Our Take
Wall Street is funding the entire supply chain, not placing bets on winners—a sign that capital is abundant but conviction about which companies will survive is not.
Why it matters
Founders and operators need to understand the funding landscape is widening horizontally rather than deepening vertically. This shifts the calculus for who can raise and how much leverage any single category has.
Do this week
Finance leads: map your company against the three layers (chips, models, applications) to identify which funding cohort you belong to and adjust your pitch accordingly before Q2 investor meetings.
Capital is flowing into every layer of the AI stack
Major Wall Street firms and venture investors are allocating capital across semiconductors, large language model development, and AI application companies. The WSJ reports that investment is not concentrating on a single category but spreading across the entire infrastructure-to-application pipeline.

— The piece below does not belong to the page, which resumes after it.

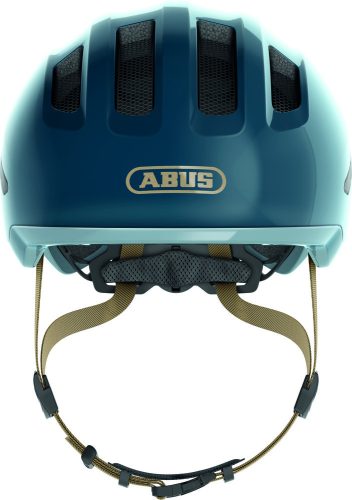 ABUS kerékpáros gyerek sisak Smiley 3.0 ACE LED, In-Mold, royal blue, S (45-50 cm)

This includes funding for chip designers and manufacturers, companies building and fine-tuning models, and startups deploying AI in specific verticals. The breadth of funding activity suggests investors are hedging exposure rather than making concentrated bets on one segment of the AI economy.

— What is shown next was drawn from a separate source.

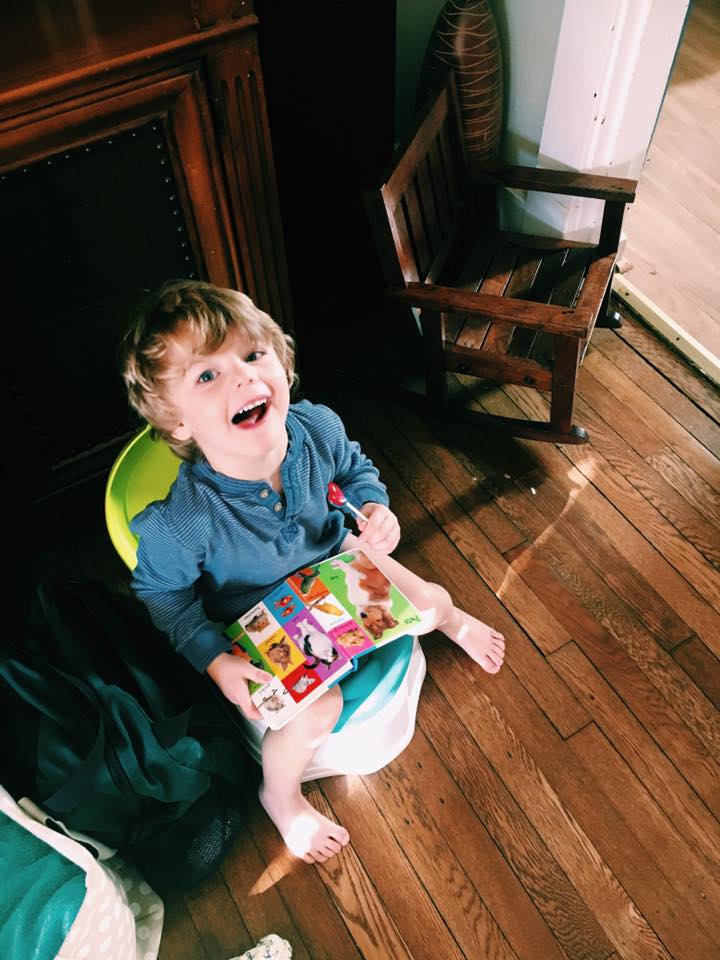 February 7. He requires snacks, reading materials, and 30+ minutes. He is definitely a dude. π½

Abundance of capital masks uncertainty about winners
When investment spreads this wide, it typically signals two things. First, there is genuine conviction that AI will reshape business and justify the spending. Second, and more important, no investor has enough clarity to concentrate bets, so they fund the whole stack and let time sort winners from losers.
For founders, this is a favorable funding environment in the short term. For the field, it means fewer hard choices about which architectures, business models, or applications are most viable. That clarity deficit will resolve, and when it does, some categories will be well-capitalized and others abandoned.

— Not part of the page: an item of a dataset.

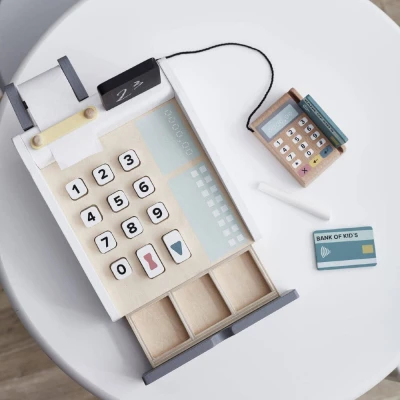Kids Concept Kasa Fiskalna Drewniana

Know which layer you are in and who is betting on it
If you are building chips or core infrastructure, your investors are long-term plays willing to absorb years of R&D before returns. If you are building models, you are competing in a category where capital is flowing toward both open-source and proprietary efforts. If you are building applications, your investor base is shifting to demand unit economics and customer lock-in faster than it did a year ago.
The spread of funding is real, but it is not infinite. Examine who is actually writing checks in your category this quarter, not who wrote checks in 2023 when conviction was higher.